Она замотала головой:
— Нет. Я понимаю, что я видела.
— Ты понимаешь, что чувствовала бы ты, если бы тебя
приковали цепями на сцене и так бы с тобой обращались. И ты принимаешь как
истину, что, раз ты бы это чувствовала, то это чувствует и любой другой. А
чувства у людей разные.
— Я знаю, я не ребёнок.
— Так и не веди себя, как ребёнок.
Она встала и уставилась на меня, стиснув опущенные руки в
кулаки.
— Я не веду себя как ребёнок.
— Да, ты права. Для ребёнка ты слишком много
морализируешь.
— Анита, поехали! — позвал меня Зебровски.
Я встала, отряхнула джинсы сзади и крикнула в ответ:
— Иду! — Потом посмотрела на Арнет и попыталась
придумать что-нибудь, чтобы сгладить эту ссору. Ничего на ум не лезло. —
Натэниел — мой любимый, Джессика. Я никогда бы не сделала ему больно.
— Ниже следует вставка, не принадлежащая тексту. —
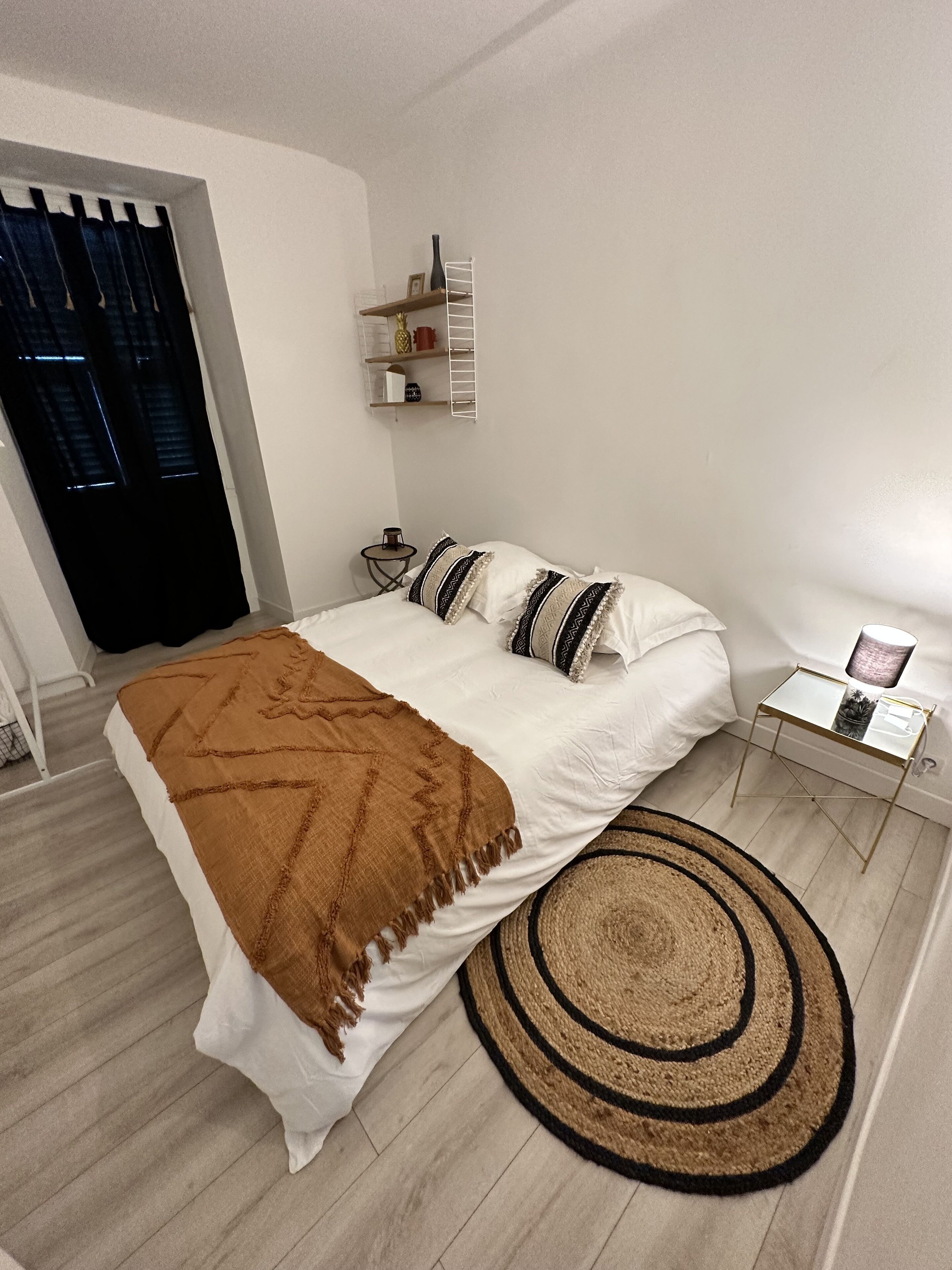 Un dormitori modern amb llit, tauleta de nit i una petita estant amb objectes decoratius.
— Я видела, как ты делала ему больно, — бросила
она мне в лицо, как раньше бросила слово «жиголо».
— Он так не считает.
— Он просто не понимает, — возразила она.
Я улыбнулась, подавляя смех, наполовину весёлый, наполовину
нервный.
— Ты его хочешь спасти. Въехать на белом коне и спасти
его от такой унизительной жизни.
Она ничего не сказала, только глядела зло.
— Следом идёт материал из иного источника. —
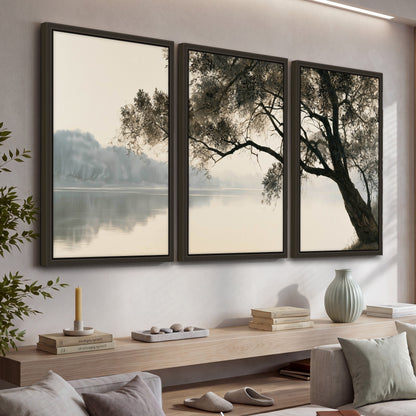 Tree silhouette misty lake painting 3 piece framed canvas in a living room above a console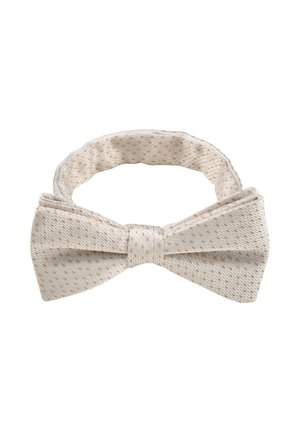 Nœud papillon en tissu couleur crème avec de subtils pois marron clair et sangle réglable sur fond blanc.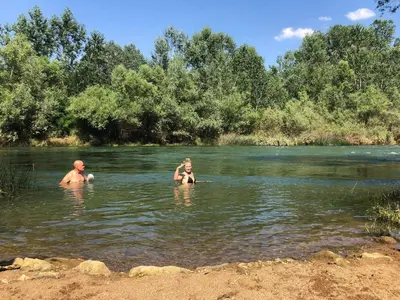 a man and a woman swimming in a river at 
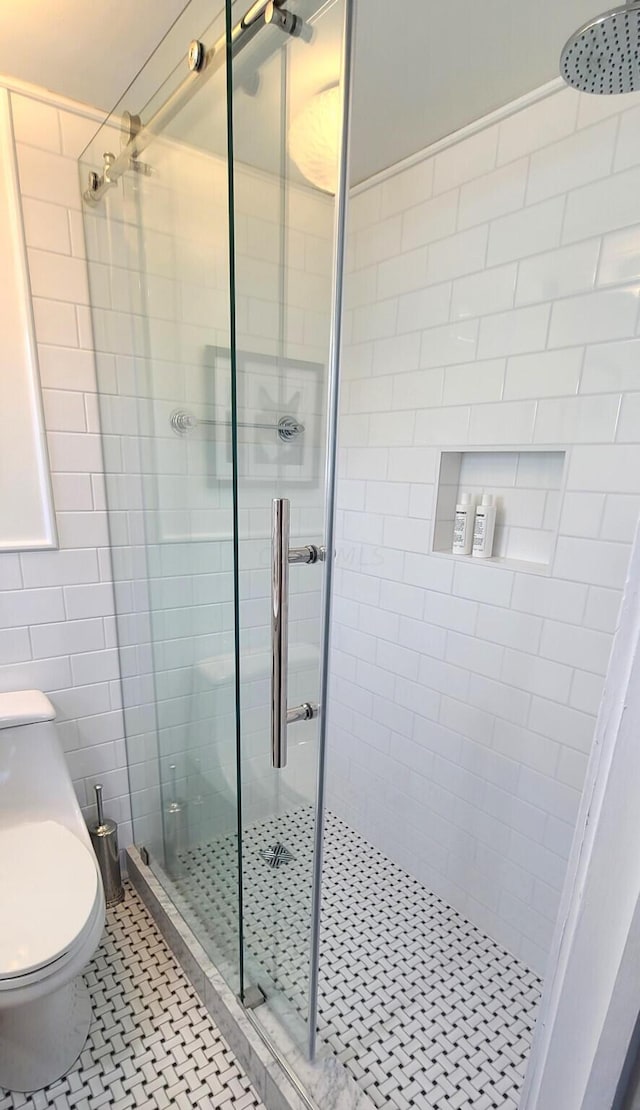 bathroom with tile patterned flooring, toilet, and walk in shower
— Анита, пора! — крикнул Зебровски ещё раз. Он уже
стоял у машины.
Я оглянулась на Арнет.
— Когда-то я тоже думала, что Натэниела надо спасать,
лечить его душу. Так вот, я не понимала, что она у него не сломлена — или
сломлена не больше, чем у нас у всех.
В этом, наверное, было больше правды, чем я задолжала
детективу Джессике Арнет. Ну да ладно. Я побежала трусцой к машине Зебровски.
Он спросил, как там вышло с Арнет. Я ответила, что могло быть лучше.
— В каком смысле? — спросил он, выводя машину
между фургоном телевидения и толпой зевак.
— В том же, в каком «Резня в день святого Валентина»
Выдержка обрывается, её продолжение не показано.